Depuis la diffusion du téléfilm Cache-cache d’amour en 2001 et la sortie sur grand écran du long-métrage Le Pari de l’amour en 2003, une polémique resurgit d’une saison à l’autre à l’ombre des festivals de cinéma panafricain : ce type de film peut-il être considéré comme authentiquement africain ? Peu importe que réalisateurs, scénaristes, comédiens, techniciens et stylistes des deux films cités soient tous originaires du continent africain, cette discussion agite régulièrement les commissions d’attribution de fonds et les jurys de festival. La réponse de ces éminents spécialistes est en général… non. Non, parce que les  » je t’aime  » et les bisous (toujours très chastes au demeurant) ne cadrent pas avec leur iconographie personnelle de l’Afrique. Non, parce que ces histoires se déroulent le plus souvent dans des décors bien léchés, plutôt urbains, plutôt modernes, loin des villages plombés de chaleur et du misérabilisme pittoresque si bien ancrés dans la mémoire d’anciens animateurs culturels et autres dinosaures du 35 mm tropical.

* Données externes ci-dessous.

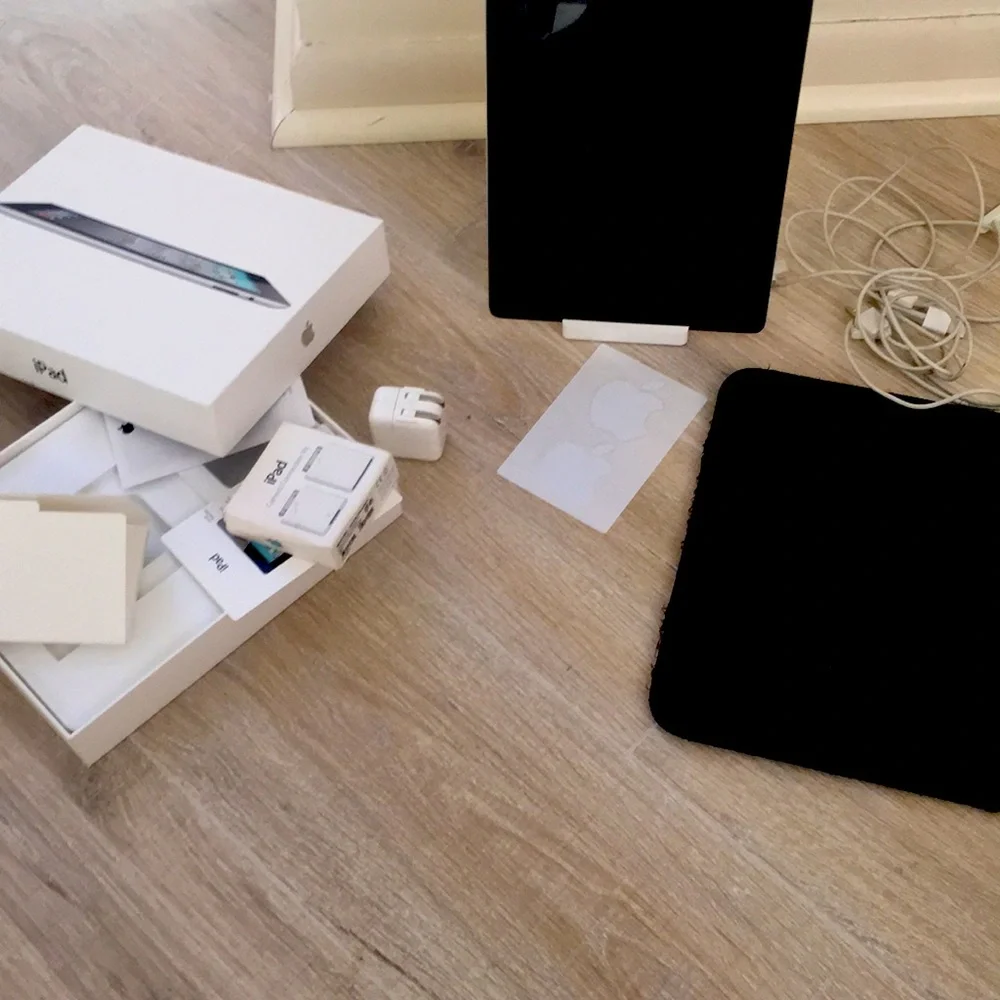 Apple I pad 16G 3G and accessories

Un public qui en redemande
Ce qui tranche avec cette belle unanimité, c’est l’avis des spectateurs. Le Pari de l’amour a remporté le grand prix du public à Ouidah comme il aurait pu l’obtenir à Ouagadougou au Fespaco 2003 si la politique (la vraie, hélas…) ne s’en était pas mêlée. Lors des diffusions à l’antenne (télévisions nationales africaines, CFI, Canal Horizon, TV5), Cache-cache d’amour et Le Pari de l’amour ont chaque fois battu des records d’audience. Autre détail, et non des moindres : après chaque diffusion, des messages de spectateurs enthousiastes affluent dans la boîte e-mail du producteur, alors que pour connaître cette adresse électronique, il faut attendre la toute dernière image du film et, de surcroît, avoir papier et crayon sous la main…

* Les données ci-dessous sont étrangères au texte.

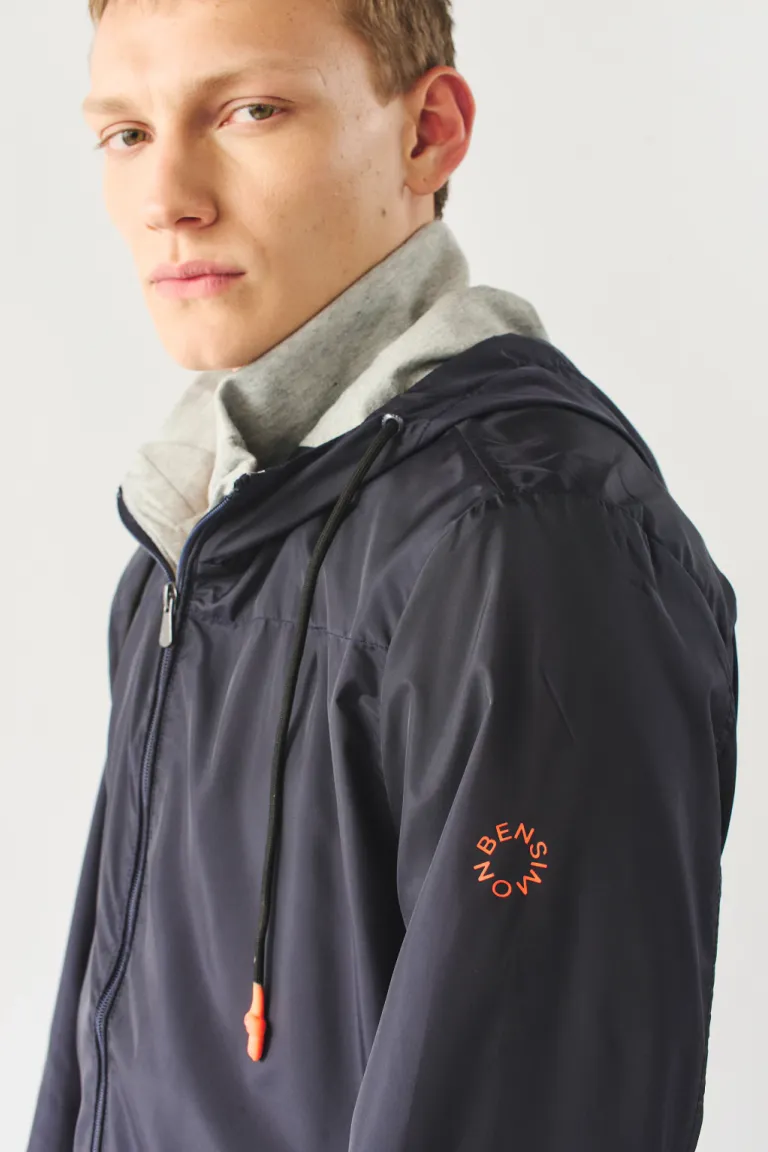 Campera impermeable con capucha y cierre metálico para hombre de Bensimon en Abrigos y Camperas para argentina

Le succès se confirme outre-Atlantique. En 2003 et 2004, Le Pari de l’amour a été projeté en version originale avec sous-titrages anglais dans une dizaine de festivals africains-américains. Dans les commentaires des spectateurs et des critiques, on relève des phrases telles que :  » Ça, c’est l’Afrique d’aujourd’hui… Enfin autre chose !  » Comme s’ils découvraient, avec soulagement et fierté, que le continent ne se résume pas à quelques villages de terre, que là-bas aussi on vit des histoires d’amour. En effet, nous ne sommes pas très loin d’une certaine production noire américaine, glamour et urbaine, qui n’arrive toujours pas sur les écrans d’Europe mais qui remplit bien les salles du côté des Magic Johnson Theaters de Los Angeles ou de Washington.
Un romantisme politiquement incorrect
Ce qui, dans ces films, semblerait choquer les puristes, ce serait leur côté romanesque,  » fleur bleue « ,  » eau de rose « , comme il est coutume de dire, avec une condescendance non dissimulée. Pourtant, les avis sont partagés. Pour Mme Thirard – professeur à la faculté de sociologie de l’université de Lille III et auteur de plusieurs communications sur le sujet –, les romans de la collection  » Adoras  » sur lesquels se basent les scénarios, s’apparentent directement à des contes de fée modernes, avec prince charmant, Cendrillon et méchante reine. Elle s’indigne, et nous aussi, de la suffisance des beaux esprits qui affirment que l’Afrique se pervertit avec ce genre de littérature et qui recommandent aux auteurs africains de s’inspirer de leurs légendes traditionnelles, sans chercher à rivaliser en légèreté avec les sociétés occidentales… Vaste débat ! Faudrait-il donc que l’Afrique ressasse ou décline encore et toujours les mêmes clichés avec génies au fond des puits, vierges promises aux grands caïmans et dialogues en VO feutrée, derrière le baobab, entre chasseurs, panthères et fourmis parlantes ?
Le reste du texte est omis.